Homme de Neandertal, adorateur de Dionysos, bactérie, neurone… Exit morosité, bonjour créativité, pour capter l’attention de leurs étudiants et remotiver leur auditoire, des enseignants-chercheurs de l’Université de Strasbourg décident d’opter pour les cours en ligne déguisés. Un phénomène nouveau qui fait des émules.
01/04/2021
Good to know
[Spécial 1er avril] Si les chercheurs et leurs travaux sont bien réels, tous les faits relatés ci-dessous relèvent de la fiction. Mais qui sait, l'idée fera peut-être tout de même des émules...
« Mardi dernier, lors de mon cours sur l’histoire de l’alimentation, j’ai découvert à la caméra un carré d’herbe, dans un jardin… », raconte encore stupéfaite Emilie, étudiante en master.

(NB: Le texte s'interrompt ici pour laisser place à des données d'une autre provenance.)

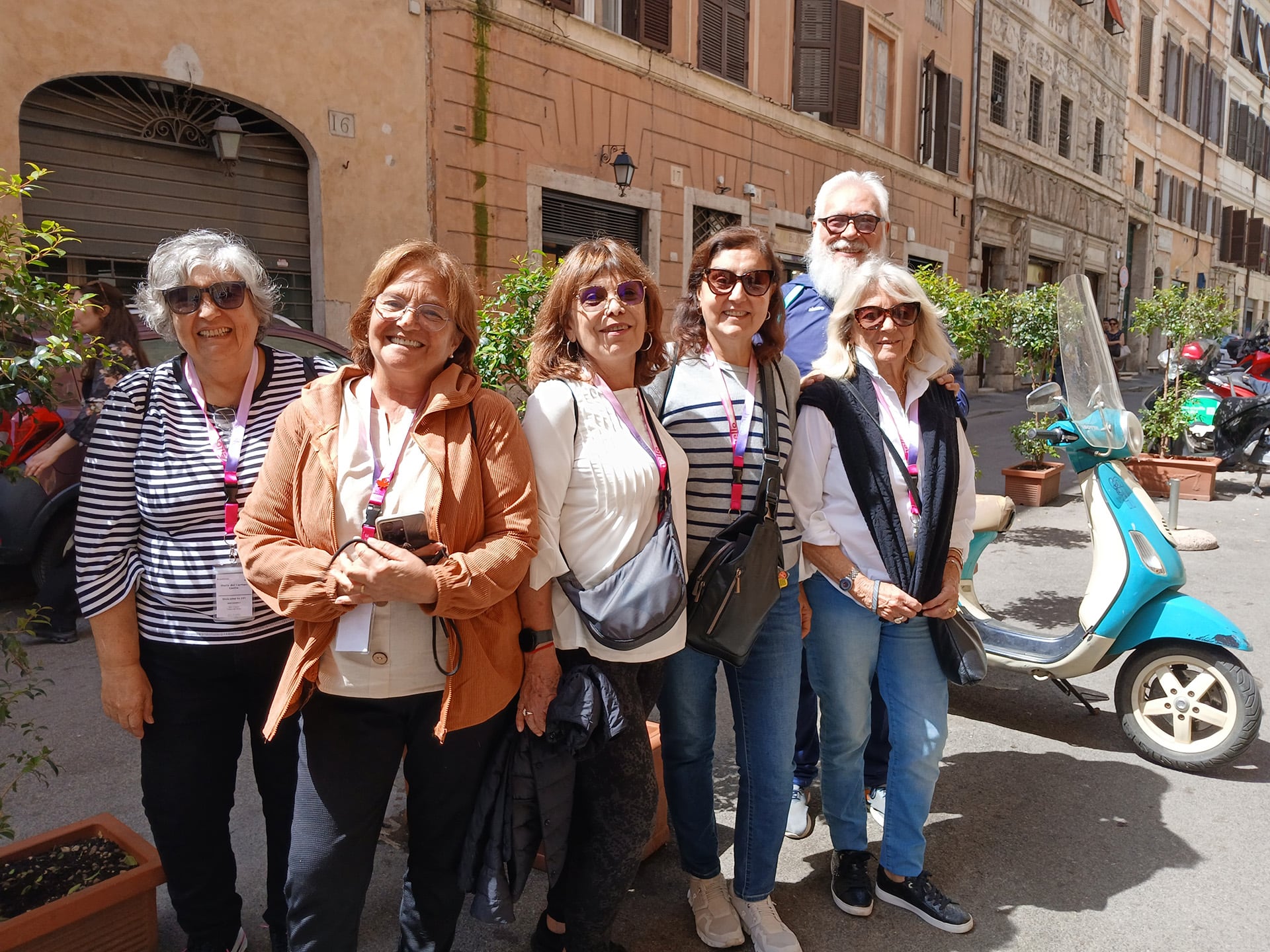 La calidad de las relaciones sociales a los cincuenta años es el principal predictor de felicidad y bienestar en la vejez, según estudios citados.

Quelques secondes plus tard, Joffrey Zoll, chercheur au sein de l’équipe d'accueil Mitochondrie, stress oxydant et protection musculaire, apparait, os sur la tête et pagne de Cro-Magnon sur le dos, trainant un morceau de carcasse de cheval derrière lui.
Après l’avoir soigneusement découpé au silex, il se lance dans une cuisson au feu de bois, sous les yeux médusés de ses élèves. L’occasion de rappeler qu’« il y a 60 000 ans, l’homme de Neandertal se nourrissait essentiellement de viande. Nous avons considérablement changé nos modes de vie en mangeant notamment plus sucré et en faisant moins d’exercice physique, ce qui fragilise notre organisme et mène à certaines pathologies comme l’obésité. »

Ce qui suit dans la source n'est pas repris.